Her father helped start a celebration in Canada. It honored Martin Luther King Jr., a famous civil rights leader. Cassandra was very proud of her dad's work. Her father also played in an Afro-Caribbean band. He would put her on stage with him when she was only five years old. He encouraged her to learn many musical instruments. These included the flute, violin, and steel pan.
She did not know she was good at science until high school. She did well in her math and science classes. This made her think about a science career. Before that, she only thought about being a musician or a baker. She first liked psychology and how the brain works. But her interest in how living things develop grew. This happened during a summer job at the University of Toronto.
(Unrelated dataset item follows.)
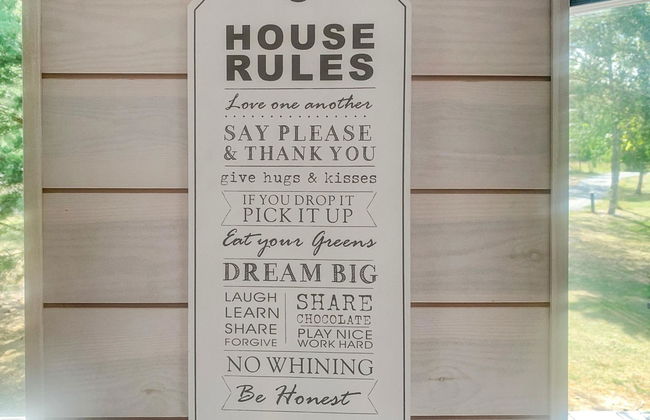 Kasnäs marina c 21 - Foto 7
Science career and discoveries
Studying at university
Cassandra Extavour earned her first science degree from the University of Toronto. She then got her Ph.D. (a high-level science degree) in 2001. Her research was about how germ cells are chosen in fruit flies. This important work was published in a science journal called PNAS.
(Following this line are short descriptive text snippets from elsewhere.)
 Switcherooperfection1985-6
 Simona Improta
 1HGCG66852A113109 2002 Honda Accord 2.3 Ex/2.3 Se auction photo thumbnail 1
Discoveries about germ cells
In 2003, Professor Extavour did a study at Cambridge University. She looked at how animal germ cells are formed. She found that these cells are often told what to become by signals from other cells. This was different from what many scientists thought. Most believed that germ cells were usually set from the very beginning by the mother's cells.
In 2013, she explained her research. She said that in some animals, cells are already set to be germ cells before an embryo even forms. But in other animals, cells get chemical signals from nearby cells. These signals tell them to become germ cells.
Research at Harvard University
In 2007, Cassandra Extavour started her own lab. It was at Harvard University. She began as an Assistant Professor. She became a full Professor in 2014.
Her lab did important research on BMPs. These are special proteins. They can help create primordial germ cells (PGCs) very early in an embryo's life. Her team found that two BMPs, BMP8b and BMP4, help make PGCs in crickets. This was a big discovery. It was the first time scientists saw a specific signal pathway working to create embryonic germ cells in an Invertebrate.
Leading the EDEN network
From 2010 to 2015, Professor Extavour led a national science group called EDEN. This stands for Evo-Devo-Eco Network. The group got money from the National Science Foundation. EDEN helped scientists share tools and methods. This allowed them to study more types of living things.
Professor Extavour believes that we cannot answer big questions about evolution by studying just one animal. She hopes that science will move beyond only studying a few "model" animals.
Awards and recognition
Cassandra Extavour has received several honors for her work:
- She was named a Harvard College Professor in 2020.
- She received the Ellison Medical Foundation New Scholar in Aging Award.
- She was nominated for the Joseph R. Levenson Memorial Teaching Prize at Harvard.
- She was nominated for the Harvard Graduate Women in Science and Engineering Mentoring Award in 2012.
- She received an EMBO Short Term Fellowship in 2001.
Music and singing
Cassandra Extavour is also a professional singer. She sings Classical and Baroque music. She has a soprano voice. She works as a full-time scientist, but she also sings part-time.
She has been a musician since she was five years old. She became a professional classical singer during her college years. Now, she performs with many professional groups around the world.
When she lived in Spain, she studied singing with famous teachers. She has sung alone with groups like Alia Musica in Madrid. She also performed with Capella de Ministrers in Valencia, Spain. She sang in operas like Mozart's The Marriage of Figaro. In 2016, she sang as a soloist in Handel's Messiah in New Zealand. She also sings in the Handel and Haydn Society chorus in Boston.